Continuity is a fundamental concept in calculus that indicates how a function behaves over an interval. A function is continuous if there are no jumps, breaks, or holes in its graph. For a formal definition: a function \( f(x) \) is continuous at a point \( x = c \) if the following conditions are met:

• \( f(c) \) is defined.
• The limit of \( f(x) \) as \( x \) approaches \( c \) exists.
• The limit equals the function's value at that point: \( \lim_{x \to c} f(x) = f(c) \).

When dealing with rational functions, which are ratios of two polynomials, the continuity is determined by the denominator. A rational function is continuous everywhere except at points where the denominator is zero, causing the function to be undefined.
In the problem above, the function \( f(x) = \frac{x-1}{x+1} \) is continuous on the interval \([-4, -2]\) because the denominator \(x+1\) is never zero within this interval.

Rational functions are functions that can be expressed as the ratio of two polynomials. They have the general form:

• \( f(x) = \frac{P(x)}{Q(x)} \)

where \( P(x) \) and \( Q(x) \) are polynomials.
The key properties of rational functions include:

• They are continuous wherever the denominator is not zero.
• Vertical asymptotes occur at values that make the denominator zero, as long as these values do not cancel with factors in the numerator.
• They may also have horizontal or oblique asymptotes, depending on the degrees of the polynomials involved.

In the given exercise, \( f(x) = \frac{x-1}{x+1} \) is a rational function. It is continuous on the interval \([-4, -2]\) as \( x+1 eq 0 \) for any \( x \) in this set. Thus, continuity allows us to use the Intermediate Value Theorem to solve for \( c \) such that \( f(c) = M \).

Solving equations involves finding the value(s) of the variable that make the equation true. In this exercise, we solve \( f(c) = 2 \) by manipulating the equation into a solvable form.

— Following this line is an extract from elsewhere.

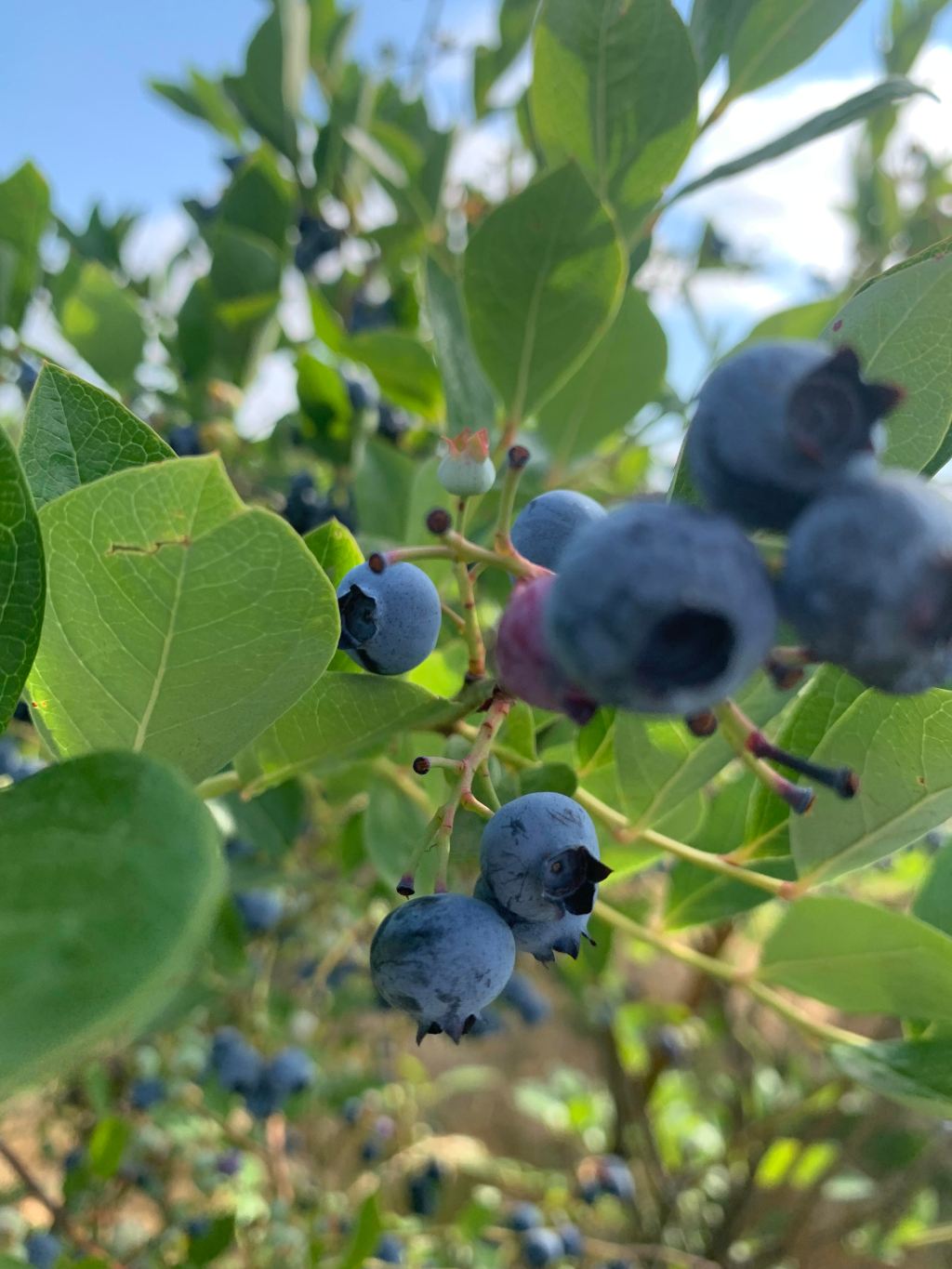 The Health Benefits of Berry Picking: A Nature-Filled&nbsp;Adventure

• Starting with \( f(c) = \frac{c-1}{c+1} = 2 \), we want to isolate \( c \).
• Multiply both sides by \( c+1 \) to remove the fraction: \((c-1) = 2(c+1)\).
• Expand and simplify the equation: \(c - 1 = 2c + 2\).
• Move terms involving \( c \) to one side: \(c - 2c = 2 + 1\).
• Simplify further: \(-c = 3\), so \(c = -3\) after dividing by \(-1\).

This step-by-step process reveals that \( c = -3 \) satisfies the equation, demonstrating how algebraic manipulation can solve rational equations effectively.